MPI Hydra fails to execute binary due to problematic distributed filesystem

alexey-medvedev · ‎10-19-2020

On Lomonosov-2 supercomputer (http://hpc.msu.ru/node/159, partition: "pascal") with IMPI version 2019.4.243, mpiexec.hydra occasionally fails to start, especially with full ppn (ppn=12), and on large number of nodes in task.

The problem is actually related to the parallel filesystem on this computer which produces occasional delays at higher parallel load. The message is:

[proxy:0:0@n54104.10p.parallel.ru] HYD_spawn (../../../../../src/pm/i_hydra/libhydra/spawn/intel/hydra_spawn.c:117): execvp error on file ./testapp (Input/output error)

There are two observations related to this:
(1) if we move the executable from this parallel filesystem to some local place (like doing a preliminary copy of the executable to node-local /tmp/ directory), the failure disappears.

(2) With other MPI implementations on this machine startup always works well.

The suggestion is to change hydra_spawn.c code and introduce some loop with attempts around execvp() to be able to make several attempts of exec() syscall if there is kind of recoverable error state like "i/o error".

What is you opinion on the topic?

--
Regards,
Alexey

GouthamK_Intel · ‎10-20-2020

Hi Alexey,

Thanks for reaching out to us!

Could you please provide the following details which help to us debug your issue:

Parallel filesystem you are using
As you have mentioned that "mpiexec.hydra occasionally fails to start", how often you are facing this issue.
Error logs when you are getting the errors. (you can get this info by setting environment variables I_MPI_DEBUG=10 and I_MPI_HYDRA_DEBUG=on)

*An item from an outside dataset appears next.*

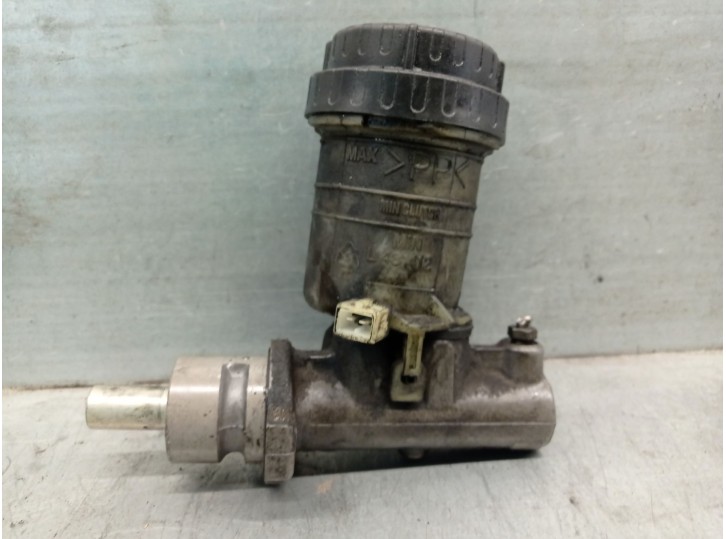 Recambio de bomba freno para volvo v40 station wagon (645) 1.9 di referencia OEM IAM L481412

Regarding 'The suggestion is to change hydra_spawn.c code and introduce some loop with attempts around execvp() to be able to make several attempts of exec() syscall if there is kind of recoverable error state like "i/o error".'

Thanks for the suggestion, we will discuss this with the concerned internal team.

Thanks & Regards

Goutham

alexey-medvedev · ‎10-21-2020

Hi Goutham,

Some details:
1) parallel system on Lomonosov-2 which causes problems is Lustre. I can guess only a few details on its configuration as an ordinary user: it is mounted with flags: "rw,localflock,lazystatfs" and it uses "o2ib" LND in some way (presumably over Mellanox hardware). For more details I'll need to ask sysadmins to expand on the topic. Please let me know if it is required.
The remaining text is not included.